Loot grinding games… one of my two gaming Achilles heels… the other being open world games built for exploration.

 
Ralph Wiggum

Grinding is great for building up cash for your character. A run with Terramorphous on Borderlands 2 nets about 300 – 500k easily. Getting a better weapon/item is uncommon but the lure is still there.

 
hunterkiller

If you think Terramorphous is hard then try Imperpheous The Invincible (i think thats his name) in TVHM man its damn hard and i went from 800K down to 8K, lol and still didnt get half way in the life bar with 2 other maxed players.

If anyone has done it then please pass on the wisdom.

Oh this is unlocked once you complete the DLC.

 

The thing that cracks me up is that many of the same people who criticize a game like World of Warcraft for being “repetitive and grindy” are the same ones who I see every night in my steam friends list (or the GoN community list) playing Borderlands 2 or GW2 (which is a dressup Barbie grinding simulator).

 

“What is the appeal of loot grinding and repeatable bosses, anyway?”

It adds some sort of sense of accomplishment to people’s otherwise meaningless lives.
Lets them feel like they’ve gained something.

If you want to get to the root psychology of it, then there it is.

 
psychofruiterer

Hunterkiller, go get a babymaker and one for each of your friends.
Get all 3 of you to hold down fire and spam reload key.
Boss = dead in about 10 seconds.

 

i just cant really get into it , usually love grinding stuff and looting , my zero is level 25 but tbh i cant see myself making 50 , rarely see decent weapons , and always get stuck dying continually trying to get through an area which makes missions go for over an hour , get bored by myself then join some ppl and they take all the loot lol wtf

 

Psychofruiterer: Iss it hypocritical of me to call the baby-maker method a cop-out when I regularly farm Terramorphous using the Bee/Conference Call method? ;)

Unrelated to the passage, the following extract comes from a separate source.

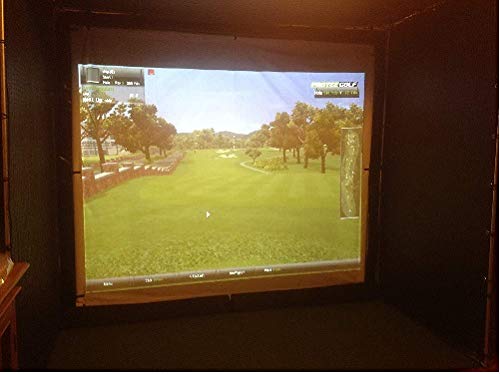SPECTRUM GOLF SIMULATORS Golf Cage 10x15x10 with Net, Panels, Pads, and Screen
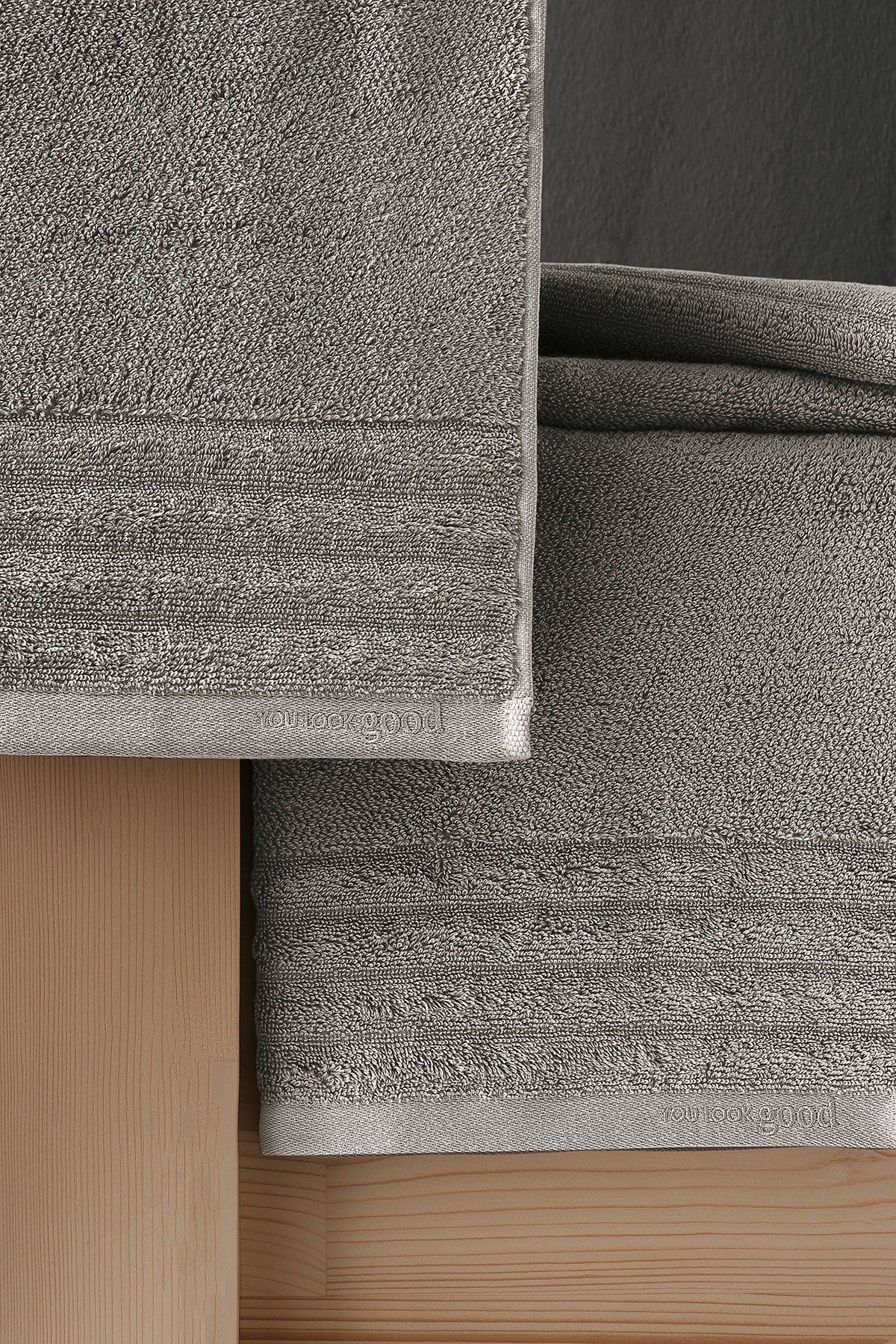 1Bath&1Face  Lapis 404 Set  Soft Modern Cotton 50x90 & 70x140 cm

Bishopoz: I understand how you feel. The game feels a LOT less enjoyable playing on your own, and is best played with other people who know how to share the loot. I’d offer to join you but I only have a Lvl 50 Zero (too overpowered for your games) or you’d have to join one of my weaker lvl 8 ish characters.

 
psychofruiterer

Bishopoz, i feel ya, had the same experience with my siren till i done some side missions and got a couple of levels higher than the baddies i was fighting in the storyline missions.It didn’t get easier to the point of not being a challenge, but it was less frustrating for sure.
I won’t even mention how playthrough 2 is BRUTAL compared to 1st playthrough, oh wait… i just did :D

Ralphwiggum, maybe a little…but i hear ya… reminds me of the time in world of warcraft when i suggested to my guild that we should go in blind on purpose to a new raid and see if we could work it all out with only us and no outside info….
You can guess how long that lasted before we looked up how to kill the 1st boss, lol

 

Am I the only person who manages to have fun with these sort of games without feeling the need to grind loot and bosses?

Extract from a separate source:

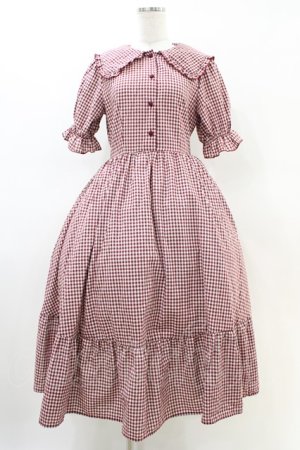 画像: m petit by misako / AM*ギンガムCHKワンピース M レッド H-26-03-01-1024-LO-OP-NS-ZH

The original borderlands I didn’t like because I just didn’t enjoy the combat, But games like Diablo 2/3, Guild Wars 1/2, Star Wars The Old Republic I’ve never once sat there grinding away at the same dungeons/bosses except for Diablo 2 which I would pretty much be completely over the game after 20-30 baal runs and then only return to it with a new character, eventually accumilating the required gear over the course of multiple toons or through trading.

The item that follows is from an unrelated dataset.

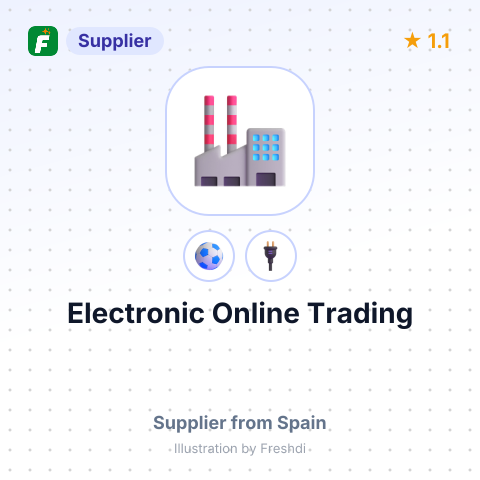 Electronic Online Trading – summary card, no photo uploaded yet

Guild Wars I played for over 4 years and never sat there doing dungeon runs, hell I never even went to the Underworld just because I knew it was purely a farming area and almost everyone there were just looking for farming roles.

I just enjoy running multiple characters in these games (12 in guild wars, 8 in swtor, about 50 different characters across the course of D2), playing through the game for the gameplay itself, enjoying the diversity in environments and objectives rather than just hammering one thing repeatedly for a shiny.